Wake up, America. Ken Kesey has assembled a bunch of the old Merry Pranksters for a cross-country trip to deliver his psychedelic bus to the Smithsonian Institution.
But here's Kesey's latest prank: When he gets there he might not really give them the bus."They did ask for (the bus) a long time ago," said Kesey, sitting at his kitchen table in his red long underwear after taking the bus for a spin past his neighbors' farms. "This was going to be a swan song. But suddenly, the swan is up and dancing, and doing rap.
"There's a dilemma with that Smithsonian thing. It's like the song by The Who. `You want it? You want it? You caaaaaaan't have it.' "
Now 55, Kesey was a young literary lion roaring with success from his novels "One Flew Over the Cuckoo's Nest" and "Sometimes a Great Notion" when he bought the bus to take a bunch of friends to the 1964 World's Fair in New York.
Along the way the Pranksters became heroes of the free-love, acid-rock, turn-on, tune-in, drop-out 1960s, largely through Tom Wolfe's book, "The Electric Kool-Aid Acid Test."
Ed McClanahan - a writer pal of Kesey's who missed the first trip but is coming along to chronicle the current one - figures the bus inspired The Who's "Magic Bus" song - the one with the lyrics "I want it, I want it, I want it . . . - You caaaaaaan't have it" - and the Beatles' "Magical Mystery Tour" movie.
"That trip was a seminal moment in American culture," McClanahan said.
The painted psychedelic swirls that made the bus a cultural icon originally were applied to keep it from looking like a school bus, said Kesey's wife, Faye.
Over the next 25 years, the designs mutated and evolved into a mural that embodies Kesey's vision of the bus as a rallying symbol for saving the Earth.
On the right side is Michelangelo's Adam from the ceiling of the Sistine Chapel. Dorothy, Tin Man, Scarecrow and Cowardly Lion skip up to the Emerald City, where a northern spotted owl is perched. On the left is a totem pole. Fish swim on the flanks. The hood ornament is a bronze jester.
Over the windshield is its name, Further, worn like a crown to proclaim the bus' destination.
The idea for this trip grew out of Kesey's latest book, "The Further Inquiry." The book originally was conceived as a play staged on the bus, where the soul of Neal Cassady is put on trial.
Cassady was the basis for the hero of Beat writer Jack Kerouac's "On The Road," as well as the charismatic man behind the wheel of Further.

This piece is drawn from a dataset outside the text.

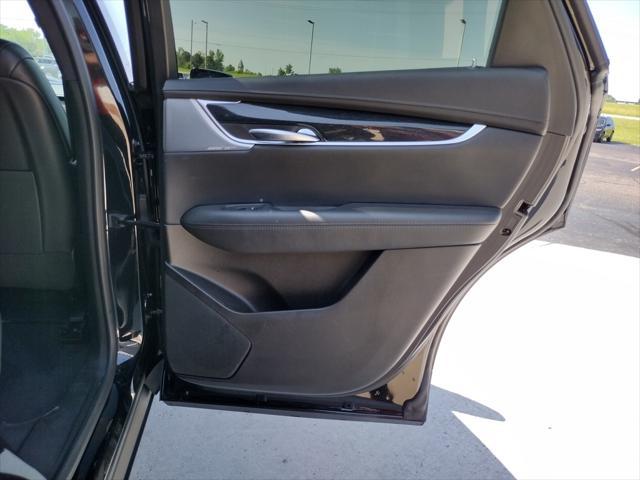 used 2023 Cadillac XT5 car, priced at $28,500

On that first trip he laid down a free-association rap-babble that still makes Kesey shake his head in wonder and joy when he watches old home movies.
Kesey wanted the book to include a movie of Cassady, printed one frame to a page, so that they moved as the pages were flipped.
"It's important to see how he jabbers and jumps," Kesey said.
His publisher, Viking, agreed to include the flip pictures if Kesey would drive Further to a book fair in Las Vegas.
He had so much fun that he planned a cross-country trip to ease Further into its grave at the Smithsonian and promote his new book.
The latest trip won't be as wild as the others.
"We're grandparents now," Kesey said.
He is scheduled to take Further to a book signing in Portland on Sunday. On Monday, he heads south to California, hoping to reach Berkeley by Halloween to help counterculture pal Wavy Gravy collect for UNICEF and campaign for City Council. After that, the schedule gets dim, though Kesey hopes to pick up LSD guru Timothy Leary and gonzo journalist Hunter S. Thompson along the way.
But getting back on the road has given Kesey second thoughts about turning over the bus to the Smithsonian.
"This is why I would hate to see it laminated and stopped," Kesey said. "It was just going good again."